Politica – La Liguria che non frana

10 marzo, al circolo PD del Centro Storico, si parla di politiche ambientali. La candidata alle regionali Anna Stagno ne discute con Carlo Bertelli (Charta) Roberta Cevasco (Università Piemonte Orientale), Alberto Girani (Direttore del Parco di Portofino), Diego Moreno e Massimo Quaini (Università di Genova).
Il primo argomento sono i problemi della Liguria e del suo entroterra, di cui si parla così poco che ne è ignota l’entità: i boschi avanzano popolando versanti e montagne ormai abbandonati, alla velocità di mille campi da calcio all’anno. Al differente assetto consegue l’instabilità ed il dissesto idrogeologico. Queste condizioni, insieme alla quantità di alberi abbandonati senza alcuna gestione, causano le frane ed il propagarsi degli incendi che hanno funestato la cronaca recente.


Ma l’abbandono dell’entroterra ha causato anche la perdita delle società che manteneva quegli spazi: le politiche degli anni Settanta hanno incentivato lo spopolamento, ed oggi chi è rimasto a vivere nell’entroterra è penalizzato da un difficile accesso ai servizi ed alle infrastrutture.
Inoltre i finanziamenti che arrivano a pioggia per l’entroterra spesso finiscono per essere gestiti su base clientelare senza risolvere in minima parte le difficoltà.
Tra le soluzioni che vengono prospettate, innanzitutto la valorizzazione di quel che è rimasto, ambiente e persone, che merita una tutela attiva e non passiva. Chi ancora vive le realtà rurali ed è depositario di conoscenza è il primo da interpellare.
Poi è necessario, concordano gli interventi dei relatori, restituire l’autorità sul territorio agli abitanti, gli unici che possono permettere un recupero ambientale e sociale dell’entroterra, e tutelare realtà di gestione comunitaria come i beni comuni o frazionali.
Viene citato il caso di uno strumento attivo in Francia, una sorta di osservatorio sul paesaggio, observatoire citoyen du paysage, che concepisce la tutela dei singoli siti come una responsabilità da affidare alla cittadinanza.
Dall’altra parte, il pubblico interviene: a parlare è principalmente chi è tornato all’entroterra, per reimpostare la propria vita, costruire attività, recuperare una dimensione diversa e meno alienante di quella cittadina.

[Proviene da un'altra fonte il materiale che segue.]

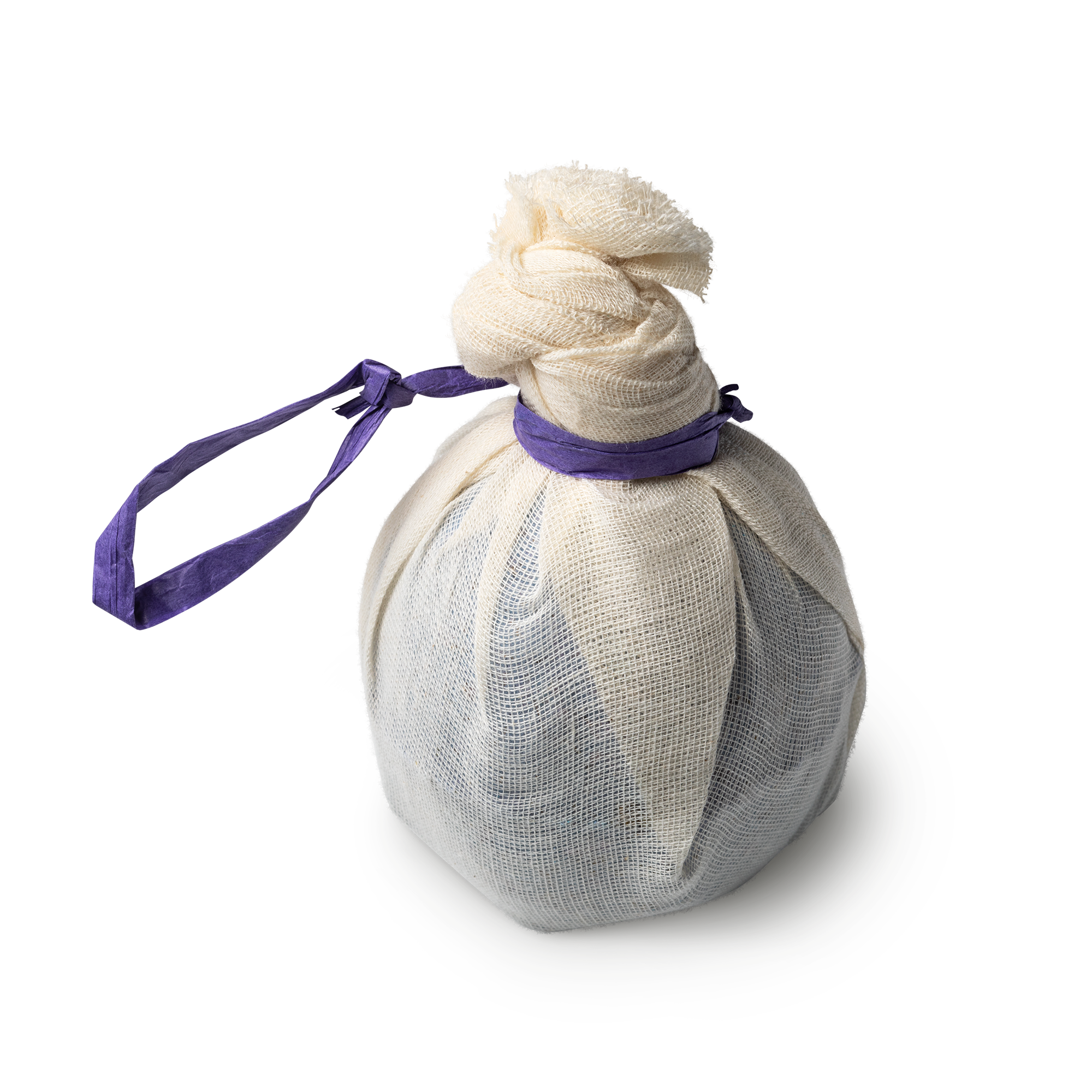 Deep Sleep. A round, purple bath bomb, beautifully wrapped in muslin tied in a knot and secured with a purple tie.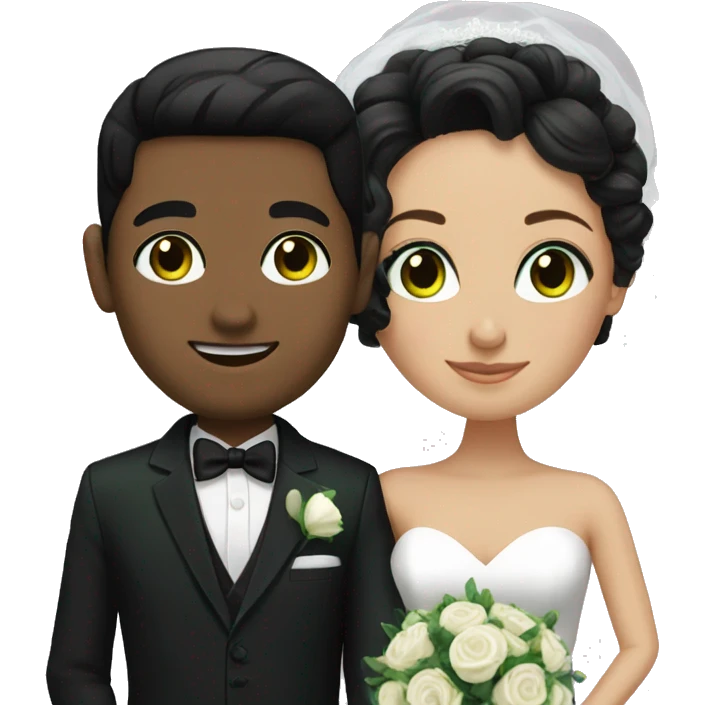 bride and groom, black hair, dark green eyes emoji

Chi torna è pienamente consapevole del valore ideologico della propria scelta, e sa osservare: l’entroterra non viene considerato un luogo per godere della bellezza del paesaggio e della natura, ma il frutto di opere di secolare gestione delle montagne, dei corsi d’acqua, dei terrazzamenti. E sa riconoscere quanto poco efficaci e inadeguate siano le normative che rendono impossibile o laboriosissimo intraprendervi iniziative, o anche semplicemente viverci.
L’impressione che resta è che l’unico modo di salvaguardare l’entroterra della Liguria sia in qualche modo occuparsene, parlandone e portandolo al centro del dibattito politico. Per restituirlo pienamente a chi lo abita e vorrebbe abitarlo.